Additional directions include privacy enhancement and cryptographic optimization. Differential privacy mechanisms could be strengthened through adaptive budget allocation and tighter composition bounds. Quantum-resistant operations could be optimized for specific processor architectures through assembly-level optimization and hardware acceleration.
Field deployment validation remains necessary to evaluate performance under real-world operational constraints. The framework provides a foundation for secure edge computing while identifying directions for continued research.
7. Conclusions
This paper presents ZT-IoTrust, a zero-trust framework that advances secure edge computing through its integration of trust-aware federated learning and quantum-resistant security mechanisms. Extensive experimental evaluation on the CICIDS2017 and KDD Cup 1999 datasets demonstrates the framework’s effectiveness in securing edge computing environments against network-layer attack patterns.

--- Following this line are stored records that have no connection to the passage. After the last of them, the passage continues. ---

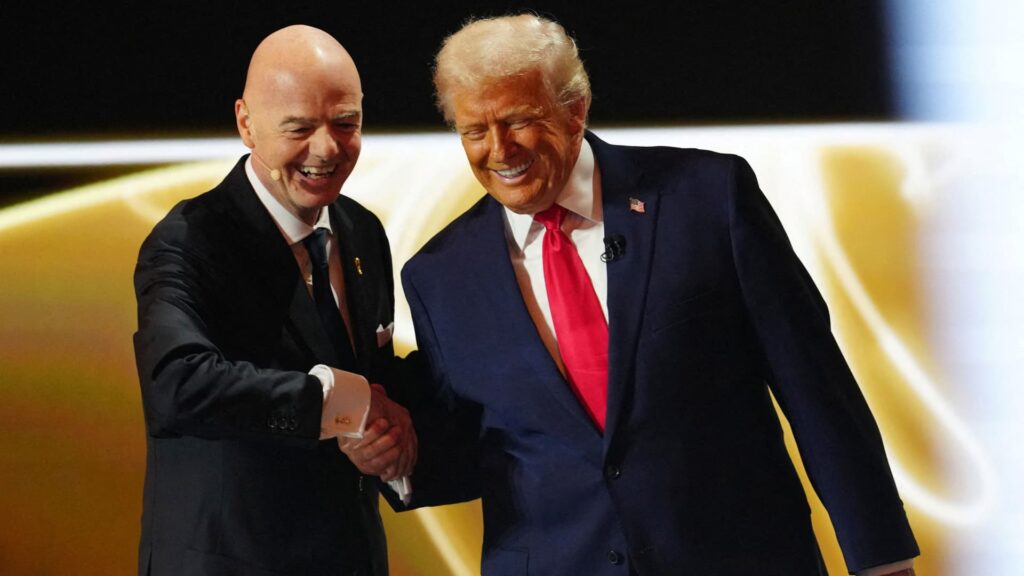 Despite President Trump’s role, World Cup ratings remain bipartisan: CNBC survey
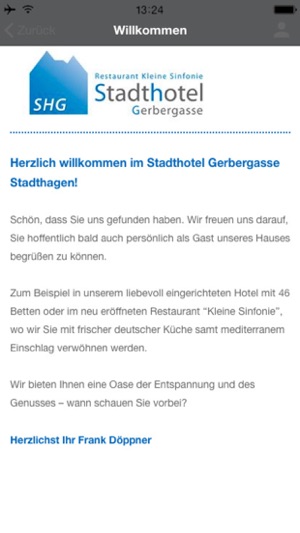 Stadthotel Gerbergasse(圖2)-速報App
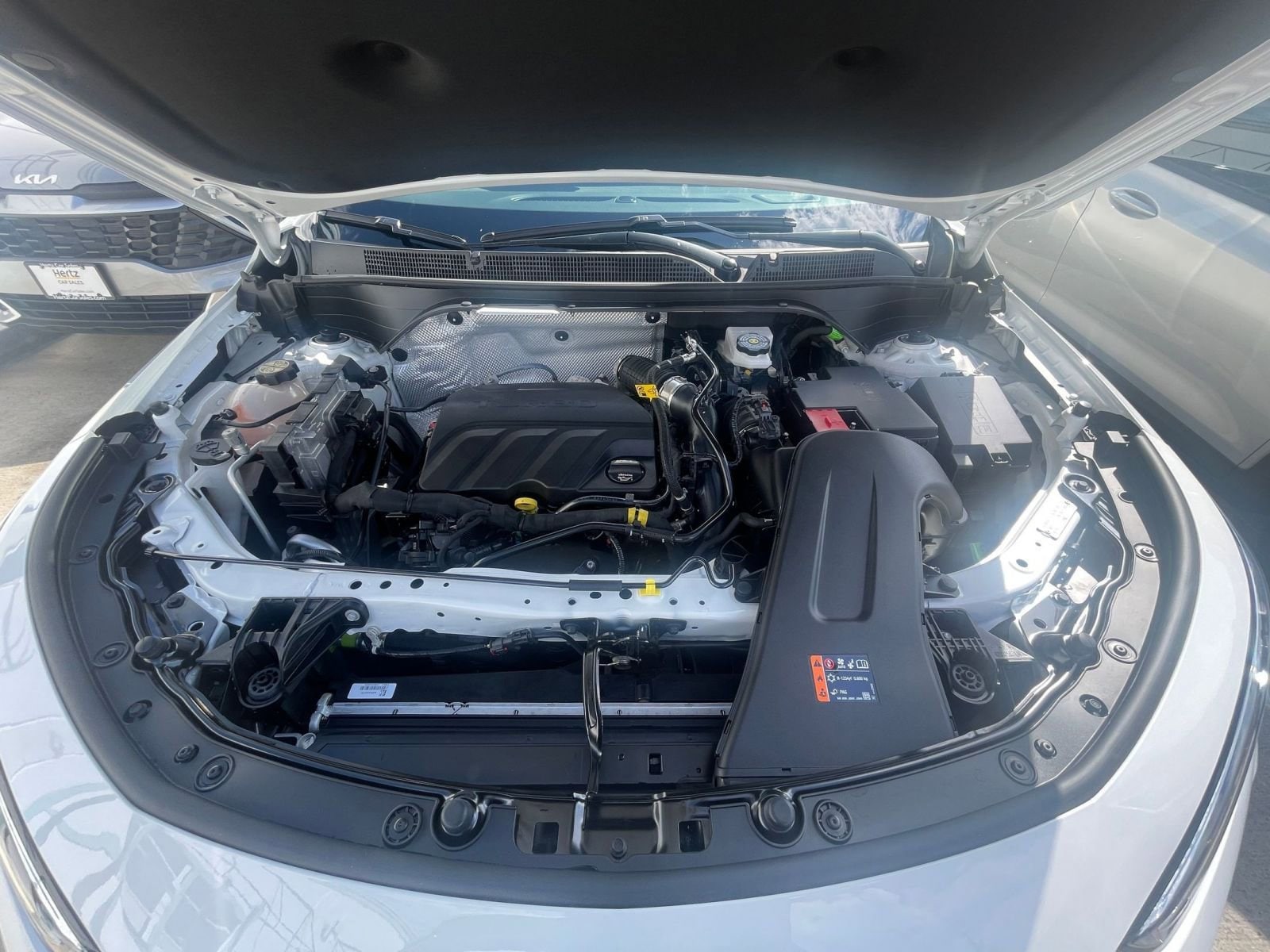 Thumbnail: 2025 Buick Envista - 32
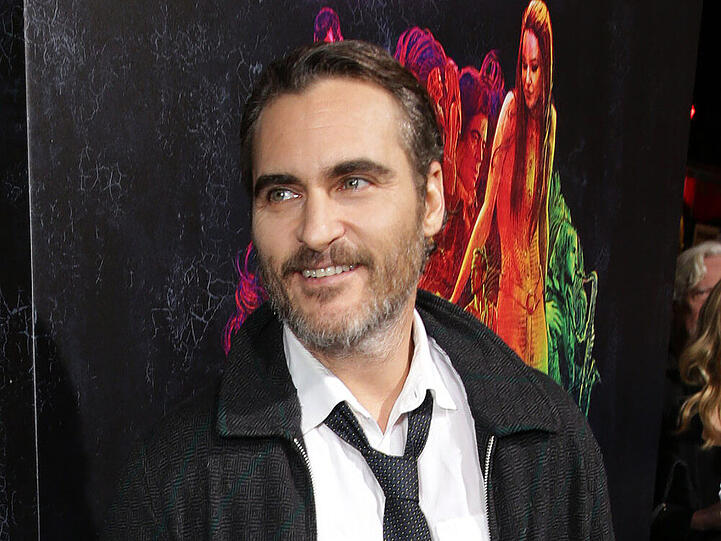 Joaquin Phoenix hat den Luxus, bei Filmrollen nicht aufs Geld achten zu müssen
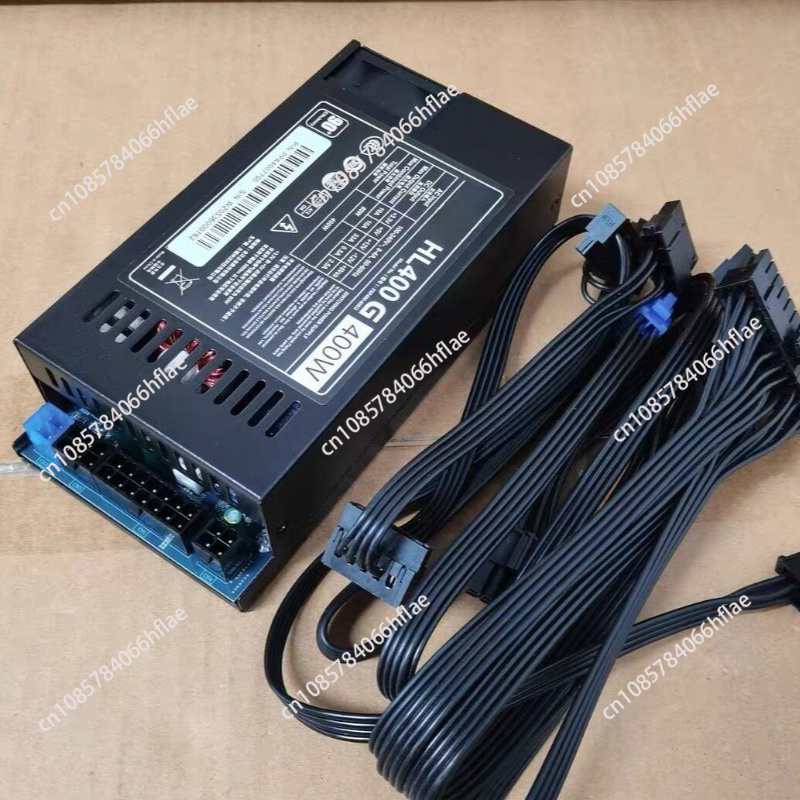 Wedding Power Supply - Volledig modulaire, compacte 1U-voeding van 400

The framework integrates three key components: quantum-resistant lattice-based cryptography for long-term security, trust-aware federated learning for distributed model training, and dynamic access control for adaptive security management. The implementation addresses the challenges of balancing security requirements with system performance in resource-constrained environments while maintaining privacy guarantees and operational efficiency.
The experimental evaluation confirms that the architectural design and theoretical foundations translate into practical improvements. The framework’s performance across attack detection (92.5%), privacy preservation (0.5% leakage), system scalability (1250 requests per second at 20 nodes), and resource efficiency demonstrates its viability as a solution for secure edge computing environments. Strong detection rates across diverse attack categories, including botnet activity (94.2%) and insider threats (91.3%), validate the approach to implementing zero-trust principles with federated learning and quantum-resistant mechanisms.
As edge computing evolves and new security challenges emerge, the methodologies and architectural principles established in ZT-IoTrust provide a foundation for future secure edge computing systems. The work addresses current security challenges while establishing a framework that can adapt to emerging threats and maintain robust performance characteristics.